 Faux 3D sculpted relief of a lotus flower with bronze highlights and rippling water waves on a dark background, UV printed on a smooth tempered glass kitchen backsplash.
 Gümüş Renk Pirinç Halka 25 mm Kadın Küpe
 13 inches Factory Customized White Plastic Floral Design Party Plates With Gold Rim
---
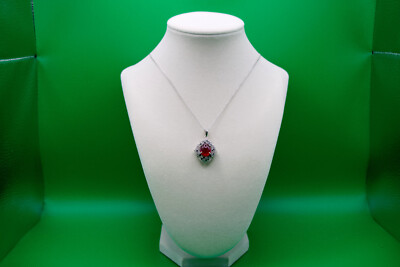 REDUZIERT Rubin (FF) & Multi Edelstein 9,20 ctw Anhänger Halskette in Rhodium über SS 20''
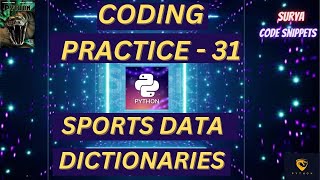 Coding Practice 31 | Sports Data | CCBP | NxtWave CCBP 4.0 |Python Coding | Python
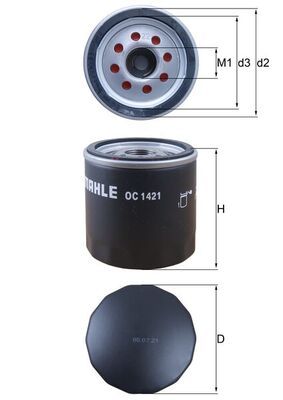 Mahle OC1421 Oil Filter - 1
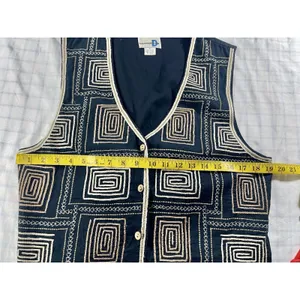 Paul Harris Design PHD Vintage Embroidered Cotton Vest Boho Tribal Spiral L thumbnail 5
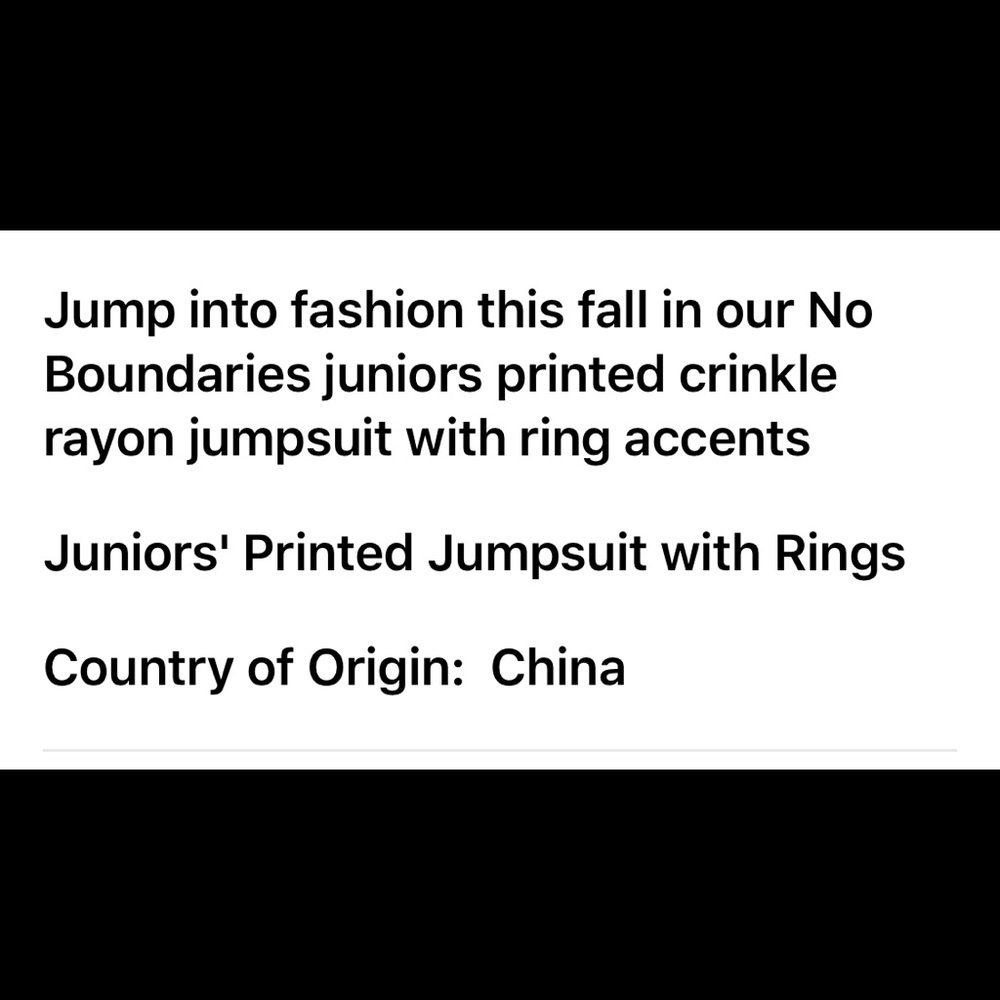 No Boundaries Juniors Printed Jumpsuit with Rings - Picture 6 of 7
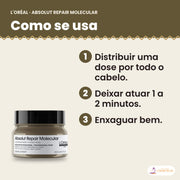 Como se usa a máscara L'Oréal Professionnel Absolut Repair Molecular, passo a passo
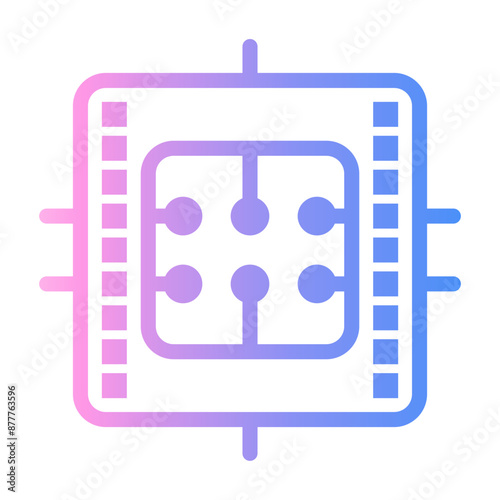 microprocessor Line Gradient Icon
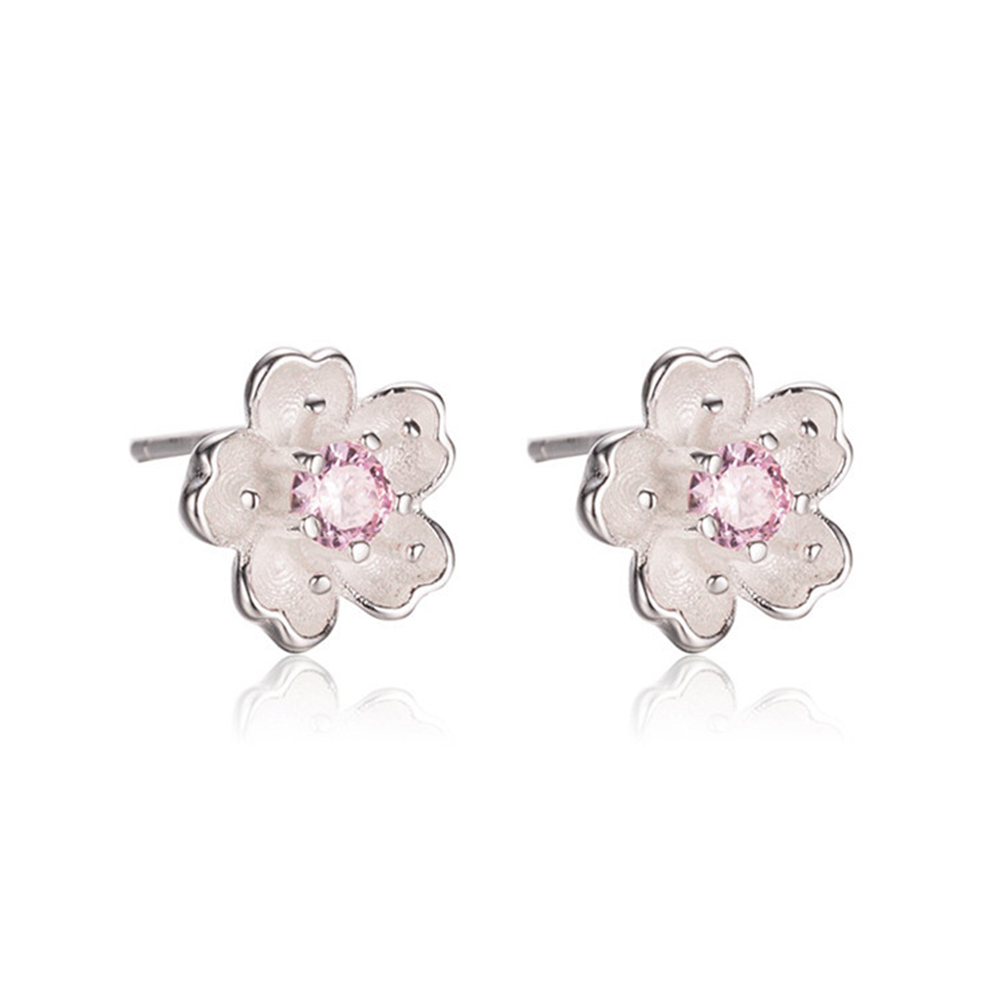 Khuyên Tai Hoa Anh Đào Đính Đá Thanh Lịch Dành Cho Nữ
...
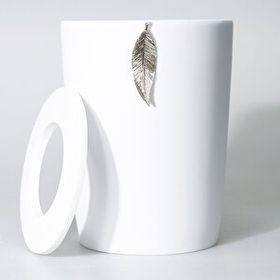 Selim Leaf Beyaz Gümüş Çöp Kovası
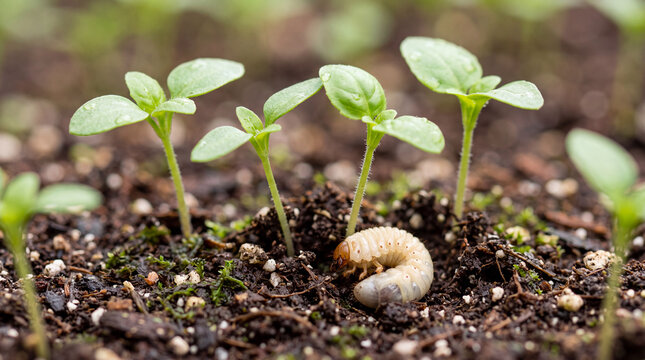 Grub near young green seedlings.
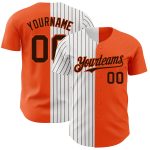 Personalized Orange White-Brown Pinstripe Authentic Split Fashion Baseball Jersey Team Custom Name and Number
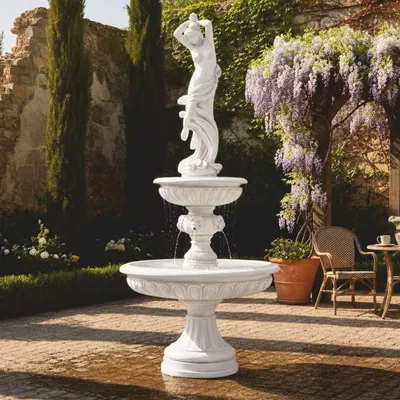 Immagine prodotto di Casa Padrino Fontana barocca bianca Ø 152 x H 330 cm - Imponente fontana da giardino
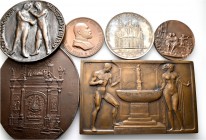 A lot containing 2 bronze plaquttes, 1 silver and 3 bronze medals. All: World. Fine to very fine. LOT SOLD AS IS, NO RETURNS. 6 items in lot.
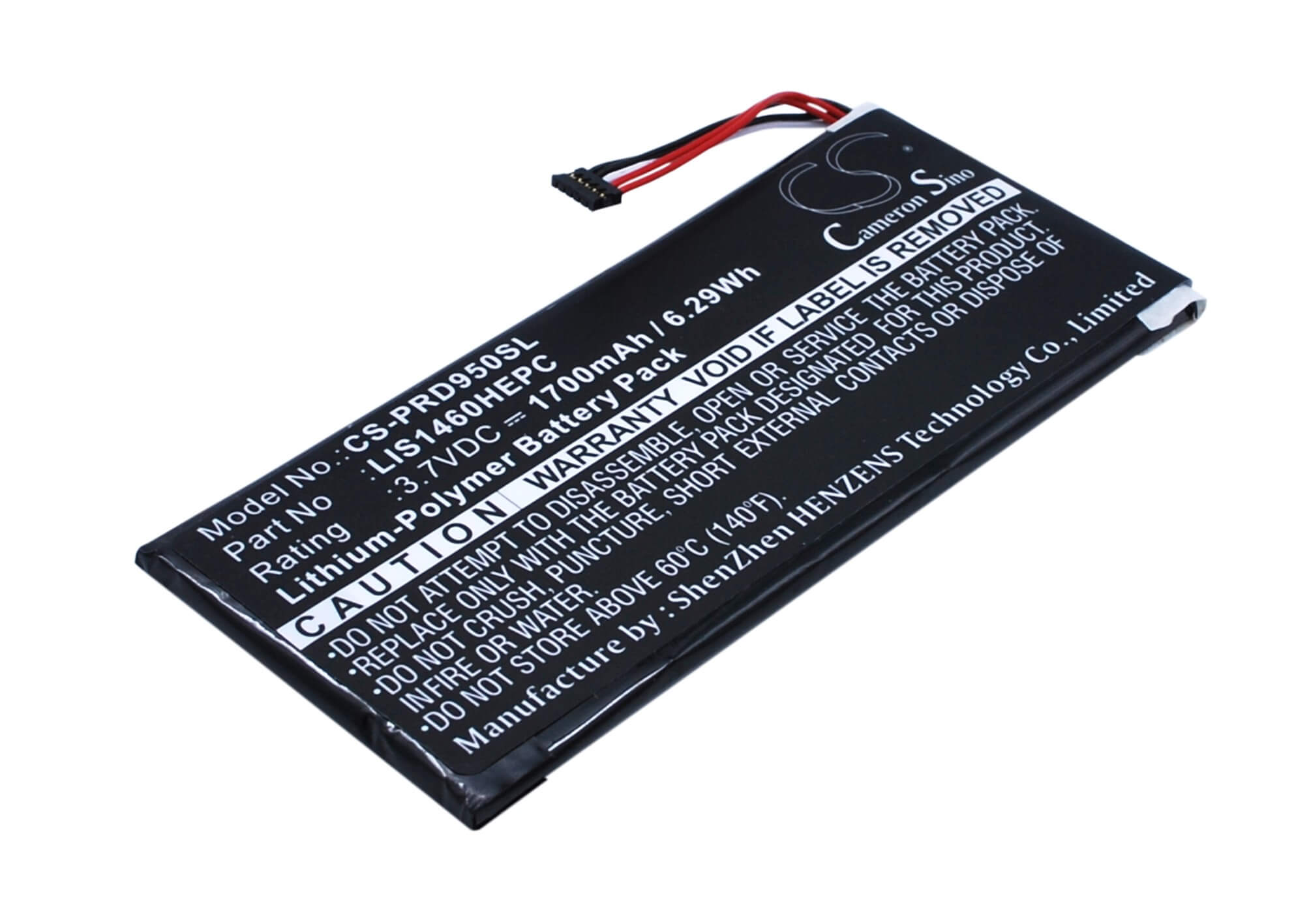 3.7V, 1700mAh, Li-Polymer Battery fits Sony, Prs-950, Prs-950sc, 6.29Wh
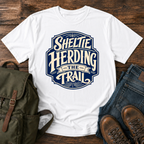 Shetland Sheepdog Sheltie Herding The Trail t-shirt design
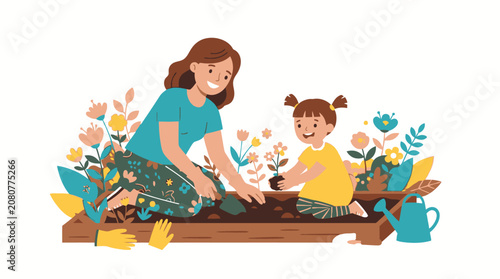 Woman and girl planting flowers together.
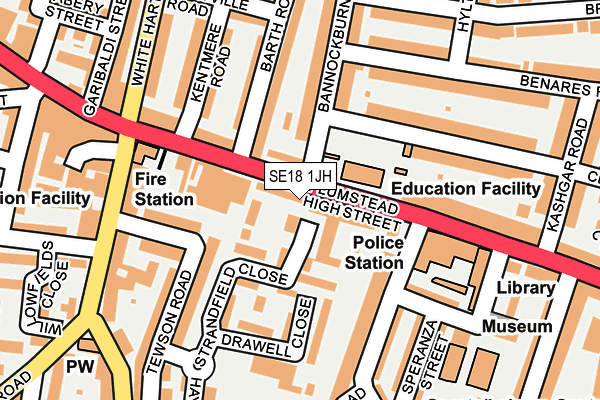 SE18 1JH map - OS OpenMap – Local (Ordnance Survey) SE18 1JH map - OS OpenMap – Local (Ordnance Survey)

__WHAT THE EXERCISE ASKS__. Word for word, repeat the lines above from the one with "Coding Practice 31" through the one with "Khuyên Tai Hoa", and nothing beyond them. Omit the pictures.

__YOUR SOLUTION__.
 Coding Practice 31 | Sports Data | CCBP | NxtWave CCBP 4.0 |Python Coding | Python
 Mahle OC1421 Oil Filter - 1
 Paul Harris Design PHD Vintage Embroidered Cotton Vest Boho Tribal Spiral L thumbnail 5
 No Boundaries Juniors Printed Jumpsuit with Rings - Picture 6 of 7
 Como se usa a máscara L'Oréal Professionnel Absolut Repair Molecular, passo a passo
 microprocessor Line Gradient Icon
 Khuyên Tai Hoa Anh Đào Đính Đá Thanh Lịch Dành Cho Nữ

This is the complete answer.